On 27 March 2018, Treasury released an Integrity Package of measures focused on tightenting the rules for stapled structures and limiting the tax concessions available to foreign investors receiving passive income from Australian property investments.

The Integrity Package follows the ATO’s Taxpayer Alert 2017/1 – Re-characterisation of income from trading businesses, issued in January 2017, and Treasury’s extensive consultation regarding potential reforms for stapled structures, conducted throughout 2017.

Broadly, the proposed measures will amend the thin capitalisation rules, increase the withholding rate for certain managed investment trusts (MIT), limit the withholding tax concessions for certain foreign pension funds and limit tax exemptions for foreign Governments.

A key Treasury integrity concern is that the use of existing rules has created a tax bias in investment decisions. That is, foreign institutional capital is attracted towards land-rich businesses rather than businesses that are capital intensive, knowledge based and/or research and development intensive. In addition, most countries do not reciprocate the broad interest and dividend withholding exemptions that Australia’s regime currently offers for foreign pension funds and sovereign wealth funds. The Integrity Package proposes two key start dates for the range of measures it seeks to implement: 1 July 2018 and 1 July 2019.

From 1 July 2018, the amendments to the thin capitalisation rules are proposed to take effect to prevent foreign investors from using multiple layers of flow-through entities to convert trading income into favourably taxed interest income (i.e. ‘double gearing’ structures). This is to be achieved by lowering the thin capitalisation associate entity test (for the purposes of determining associate entity equity and associate entity debt) from ‘50% or more’ to ‘10% or more’ for interests in flow-through entities. In addition, the arm’s length debt test will be clarified to require consideration of gearing against the underlying assets for interests in any entity.
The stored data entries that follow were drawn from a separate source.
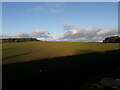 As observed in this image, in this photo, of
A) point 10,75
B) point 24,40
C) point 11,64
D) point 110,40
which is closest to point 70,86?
point 10,75

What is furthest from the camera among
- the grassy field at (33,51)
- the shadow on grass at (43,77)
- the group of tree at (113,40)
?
the group of tree at (113,40)

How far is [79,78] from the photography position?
966 cm

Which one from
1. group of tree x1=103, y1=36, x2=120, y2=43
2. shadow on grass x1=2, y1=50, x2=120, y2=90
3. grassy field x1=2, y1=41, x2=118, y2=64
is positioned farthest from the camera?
group of tree x1=103, y1=36, x2=120, y2=43

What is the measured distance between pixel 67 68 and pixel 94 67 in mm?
2802

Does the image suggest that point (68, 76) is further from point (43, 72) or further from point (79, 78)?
point (43, 72)

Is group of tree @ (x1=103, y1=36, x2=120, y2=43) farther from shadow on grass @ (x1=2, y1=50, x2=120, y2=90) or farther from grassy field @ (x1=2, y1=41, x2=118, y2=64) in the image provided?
shadow on grass @ (x1=2, y1=50, x2=120, y2=90)

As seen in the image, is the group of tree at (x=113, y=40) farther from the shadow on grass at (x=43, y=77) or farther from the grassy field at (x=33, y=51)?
the shadow on grass at (x=43, y=77)

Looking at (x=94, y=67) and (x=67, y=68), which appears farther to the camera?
(x=94, y=67)

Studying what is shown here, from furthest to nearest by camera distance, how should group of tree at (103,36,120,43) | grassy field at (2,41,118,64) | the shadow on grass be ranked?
group of tree at (103,36,120,43)
grassy field at (2,41,118,64)
the shadow on grass

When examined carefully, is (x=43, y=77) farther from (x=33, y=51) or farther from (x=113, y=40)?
(x=113, y=40)

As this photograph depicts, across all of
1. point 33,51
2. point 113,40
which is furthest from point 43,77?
point 113,40

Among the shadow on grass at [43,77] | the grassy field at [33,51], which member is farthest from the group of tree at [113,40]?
the shadow on grass at [43,77]

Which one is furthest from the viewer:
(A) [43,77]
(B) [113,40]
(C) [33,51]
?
(B) [113,40]

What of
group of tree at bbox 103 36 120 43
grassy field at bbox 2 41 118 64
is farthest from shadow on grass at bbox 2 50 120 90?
group of tree at bbox 103 36 120 43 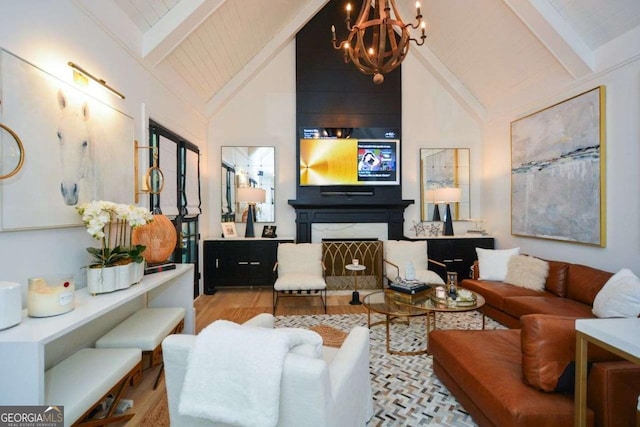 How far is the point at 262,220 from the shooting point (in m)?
5.18

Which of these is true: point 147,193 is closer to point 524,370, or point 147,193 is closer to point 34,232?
point 34,232

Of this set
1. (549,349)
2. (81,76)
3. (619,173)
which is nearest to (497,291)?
(619,173)

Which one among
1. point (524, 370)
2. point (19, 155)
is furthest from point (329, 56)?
point (524, 370)

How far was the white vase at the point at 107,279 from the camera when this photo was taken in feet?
Result: 6.14

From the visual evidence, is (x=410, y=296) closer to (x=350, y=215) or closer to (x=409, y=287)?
(x=409, y=287)

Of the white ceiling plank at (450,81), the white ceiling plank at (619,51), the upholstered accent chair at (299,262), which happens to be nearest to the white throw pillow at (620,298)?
the white ceiling plank at (619,51)

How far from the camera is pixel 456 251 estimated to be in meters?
4.83

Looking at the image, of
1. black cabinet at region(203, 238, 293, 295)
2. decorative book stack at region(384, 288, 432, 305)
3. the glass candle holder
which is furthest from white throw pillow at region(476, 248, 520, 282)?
black cabinet at region(203, 238, 293, 295)

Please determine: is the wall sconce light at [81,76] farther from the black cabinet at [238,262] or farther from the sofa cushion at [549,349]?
the sofa cushion at [549,349]

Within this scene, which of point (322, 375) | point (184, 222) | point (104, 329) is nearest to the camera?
point (322, 375)

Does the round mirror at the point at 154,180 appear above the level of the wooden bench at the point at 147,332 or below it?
above

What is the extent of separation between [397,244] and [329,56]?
10.8 ft

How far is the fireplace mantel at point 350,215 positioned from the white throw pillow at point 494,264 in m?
1.47

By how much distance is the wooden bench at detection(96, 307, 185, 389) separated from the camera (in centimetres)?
201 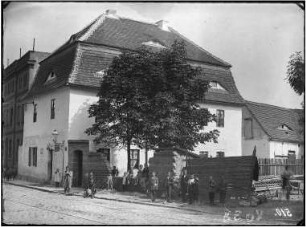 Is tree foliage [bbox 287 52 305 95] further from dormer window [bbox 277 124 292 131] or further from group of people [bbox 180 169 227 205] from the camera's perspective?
dormer window [bbox 277 124 292 131]

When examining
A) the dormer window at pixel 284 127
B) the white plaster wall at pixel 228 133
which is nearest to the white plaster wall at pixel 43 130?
the white plaster wall at pixel 228 133

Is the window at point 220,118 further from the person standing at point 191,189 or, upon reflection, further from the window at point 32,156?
the window at point 32,156

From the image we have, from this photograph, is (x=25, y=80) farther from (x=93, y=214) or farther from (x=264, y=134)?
(x=93, y=214)

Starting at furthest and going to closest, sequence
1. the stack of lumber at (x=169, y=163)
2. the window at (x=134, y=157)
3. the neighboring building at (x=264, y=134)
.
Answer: the neighboring building at (x=264, y=134) < the window at (x=134, y=157) < the stack of lumber at (x=169, y=163)

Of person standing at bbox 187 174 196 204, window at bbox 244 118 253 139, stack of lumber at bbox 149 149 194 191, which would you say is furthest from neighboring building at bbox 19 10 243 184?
person standing at bbox 187 174 196 204

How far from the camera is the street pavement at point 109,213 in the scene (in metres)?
14.4

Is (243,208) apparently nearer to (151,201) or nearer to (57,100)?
(151,201)

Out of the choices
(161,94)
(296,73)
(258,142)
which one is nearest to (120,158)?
(161,94)

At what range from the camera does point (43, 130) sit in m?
27.7

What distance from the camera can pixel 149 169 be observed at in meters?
21.5

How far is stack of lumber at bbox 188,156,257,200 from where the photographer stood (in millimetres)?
17797

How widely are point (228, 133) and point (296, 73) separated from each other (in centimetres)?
1178

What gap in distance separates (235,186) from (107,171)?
7.24 m

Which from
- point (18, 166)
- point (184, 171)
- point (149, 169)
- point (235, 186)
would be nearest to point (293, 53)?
point (235, 186)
From 1 July 2019, the proposed amendments that will take effect are:

  • An increase in the MIT withholding tax rate on ‘active business income’ from 15% to the corporate tax rate, with a 15-year exemption for new, Government-approved national significant infrastructure assets. The higher MIT withholding tax rate will apply to MIT fund payments derived from cross staple rental payments, cross staple payments made under some financial arrangements, or where the MIT receives a distribution from a trading trust. The higher MIT withholding tax rate is not intended to apply where only a small proportion of the gross income of the trust relates to cross staple payments (i.e. conversion of active business income is not central to the structure) or where the stapled operating entity receives rent from third parties that is merely passed through as rent to the trust.
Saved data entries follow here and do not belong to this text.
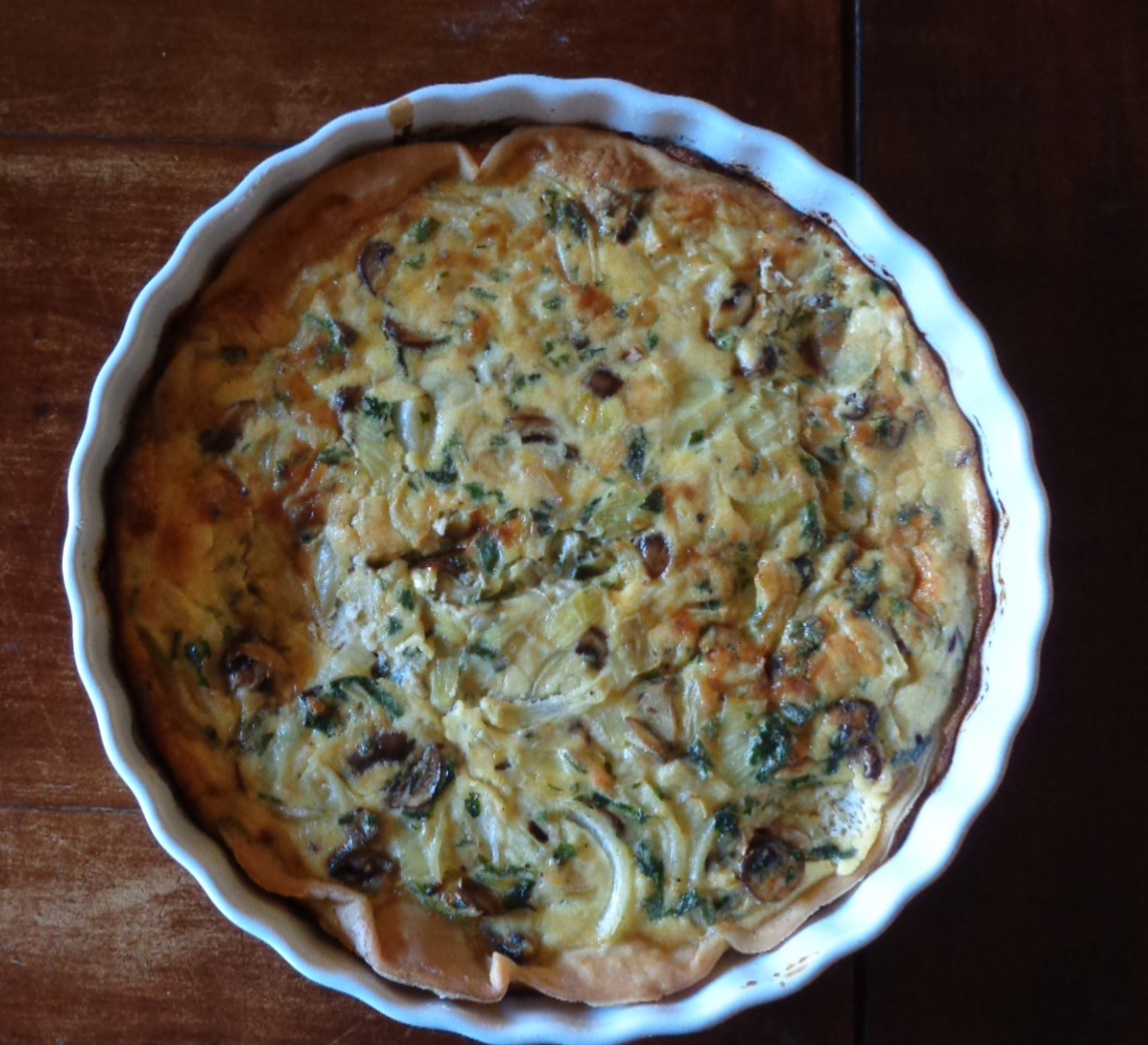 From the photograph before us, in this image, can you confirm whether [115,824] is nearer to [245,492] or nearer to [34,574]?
[34,574]

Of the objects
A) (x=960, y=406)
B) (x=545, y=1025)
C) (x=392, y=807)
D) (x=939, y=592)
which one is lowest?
(x=545, y=1025)

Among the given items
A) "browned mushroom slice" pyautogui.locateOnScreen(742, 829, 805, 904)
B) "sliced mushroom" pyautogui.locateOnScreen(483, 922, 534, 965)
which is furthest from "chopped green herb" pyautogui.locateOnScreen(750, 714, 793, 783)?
"sliced mushroom" pyautogui.locateOnScreen(483, 922, 534, 965)

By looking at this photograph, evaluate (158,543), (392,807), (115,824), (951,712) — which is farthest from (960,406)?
(115,824)

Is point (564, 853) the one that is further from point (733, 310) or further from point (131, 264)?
point (131, 264)

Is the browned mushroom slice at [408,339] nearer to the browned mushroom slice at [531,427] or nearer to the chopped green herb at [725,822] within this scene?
the browned mushroom slice at [531,427]

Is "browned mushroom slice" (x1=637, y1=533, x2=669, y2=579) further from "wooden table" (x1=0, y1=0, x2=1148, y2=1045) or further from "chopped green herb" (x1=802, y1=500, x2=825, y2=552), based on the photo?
"wooden table" (x1=0, y1=0, x2=1148, y2=1045)

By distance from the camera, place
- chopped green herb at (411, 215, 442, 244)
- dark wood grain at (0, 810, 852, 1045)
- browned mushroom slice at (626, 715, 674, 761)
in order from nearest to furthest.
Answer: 1. browned mushroom slice at (626, 715, 674, 761)
2. chopped green herb at (411, 215, 442, 244)
3. dark wood grain at (0, 810, 852, 1045) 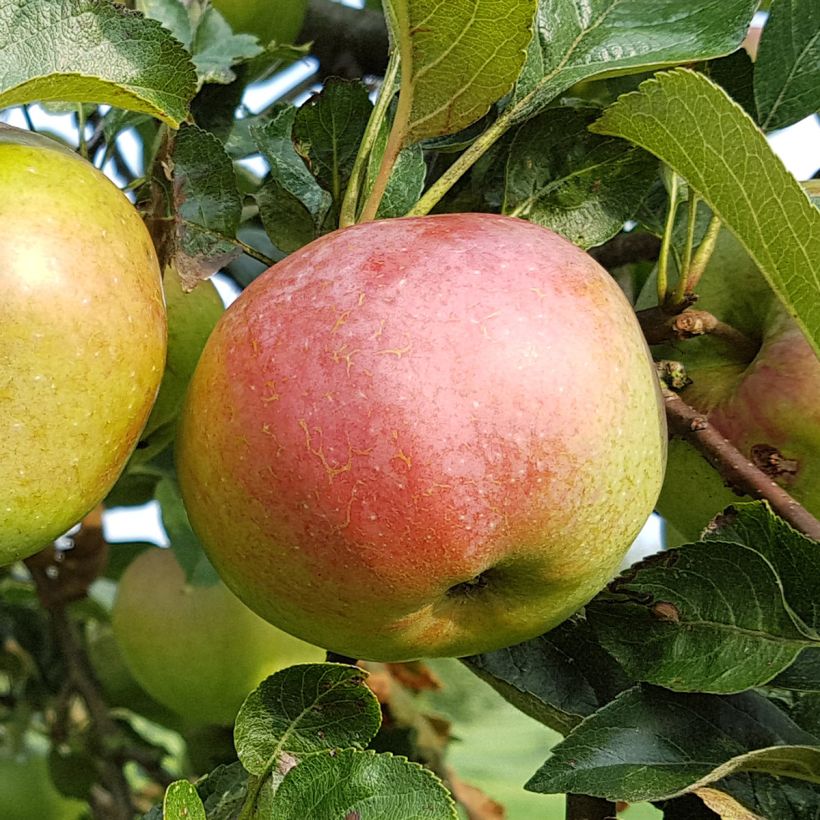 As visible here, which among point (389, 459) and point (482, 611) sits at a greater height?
point (389, 459)

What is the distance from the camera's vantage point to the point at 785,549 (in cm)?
65

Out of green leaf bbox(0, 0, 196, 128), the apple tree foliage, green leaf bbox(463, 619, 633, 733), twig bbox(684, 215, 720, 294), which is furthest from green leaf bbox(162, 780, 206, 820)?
twig bbox(684, 215, 720, 294)

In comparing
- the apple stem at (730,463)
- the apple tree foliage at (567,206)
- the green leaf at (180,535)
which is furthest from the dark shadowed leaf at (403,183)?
the green leaf at (180,535)

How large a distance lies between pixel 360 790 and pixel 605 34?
0.47m

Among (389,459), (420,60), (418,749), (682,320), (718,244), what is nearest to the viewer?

This integrity measure targets the stapled structures being used to convert active business income into passive rental income, where there is no clear commercial justification for the splitting of a single business and the structure appears to be solely a tax driven strategy to reduce effective tax rates for foreign investors. For example, where land assets necessary for use in a business are held by a MIT but leased to an operating company, the taxable income of the operating company would be reduced by rental payments to the MIT and rental payments received by the MIT would be subject to the 15% MIT withholding tax rate when distributed to foreign investors.

  • A limit to the foreign pension fund withholding tax exemption for interest and dividends, so that the exemption is only available in respect of portfolio investments.
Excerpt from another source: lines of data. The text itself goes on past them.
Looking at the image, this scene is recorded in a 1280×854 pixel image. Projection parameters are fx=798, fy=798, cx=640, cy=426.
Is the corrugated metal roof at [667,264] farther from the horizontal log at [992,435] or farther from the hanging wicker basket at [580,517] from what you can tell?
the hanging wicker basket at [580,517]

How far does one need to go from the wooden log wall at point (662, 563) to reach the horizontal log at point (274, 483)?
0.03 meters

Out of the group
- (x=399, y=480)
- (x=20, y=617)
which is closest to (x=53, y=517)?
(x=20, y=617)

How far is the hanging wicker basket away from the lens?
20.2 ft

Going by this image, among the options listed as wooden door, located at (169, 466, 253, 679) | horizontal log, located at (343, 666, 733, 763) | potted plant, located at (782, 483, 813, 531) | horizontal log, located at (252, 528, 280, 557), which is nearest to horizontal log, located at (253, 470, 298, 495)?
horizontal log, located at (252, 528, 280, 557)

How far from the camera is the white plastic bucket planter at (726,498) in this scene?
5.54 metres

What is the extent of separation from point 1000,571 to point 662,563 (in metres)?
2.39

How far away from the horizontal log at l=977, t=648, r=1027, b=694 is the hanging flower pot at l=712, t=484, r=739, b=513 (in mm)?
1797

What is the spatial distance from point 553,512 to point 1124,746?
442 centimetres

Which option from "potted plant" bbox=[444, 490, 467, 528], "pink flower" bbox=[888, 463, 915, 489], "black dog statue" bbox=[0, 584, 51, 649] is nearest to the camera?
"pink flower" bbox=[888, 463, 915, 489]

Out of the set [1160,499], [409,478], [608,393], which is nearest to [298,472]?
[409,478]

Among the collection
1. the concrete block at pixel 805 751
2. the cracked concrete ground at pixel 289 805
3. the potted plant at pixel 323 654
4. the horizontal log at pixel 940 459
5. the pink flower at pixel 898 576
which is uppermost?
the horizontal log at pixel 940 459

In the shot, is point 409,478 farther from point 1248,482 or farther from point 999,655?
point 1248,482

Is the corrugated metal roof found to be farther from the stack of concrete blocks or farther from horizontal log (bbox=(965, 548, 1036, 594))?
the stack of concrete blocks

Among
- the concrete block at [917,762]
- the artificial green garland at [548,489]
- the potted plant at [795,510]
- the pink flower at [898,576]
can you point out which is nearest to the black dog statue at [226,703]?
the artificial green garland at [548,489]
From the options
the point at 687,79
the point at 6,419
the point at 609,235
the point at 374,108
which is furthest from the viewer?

Whilst one of the key aims of the MIT regime was to increase the attractiveness of Australia’s fund management industry to mobile foreign investment, the pool of funds invested by sovereign wealth funds and pension funds has grown rapidly. As these types of investors have access to a range of additional tax concessions, effective tax rates on distributions from stapled businesses for these investors can be between 0% and 15%.

This integrity measure limits the broad unilateral exemptions from dividend and interest withholding tax available to foreign pension funds, largely because most countries do not provide such broad exemptions and Australian superannuation funds are not generally receiving reciprocal treatment when investing offshore.

  • A legislative framework for the existing tax exemption for foreign governments (including sovereign wealth funds), and limiting the exemption so it is only available in respect of portfolio investments.

Similar to the foreign pension fund integrity measure, the proposed legislative framework for foreign sovereign investors aims to limit tax exemptions because most countries do not provide such broad exemptions for Australia’s sovereign wealth funds that invest in those other countries.

  • The exclusion of agricultural land from being an ‘eligible investment business’ for an MIT, meaning that income, rent and capital gains from agricultural land will not be eligible for the MIT concessional withholding tax rate of 15%.

This integrity measure is aimed at levelling the playing field between domestic and foreign investors purchasing Australian agricultural land, as the current rules provide foreigners with a competitive advantage over domestic investors.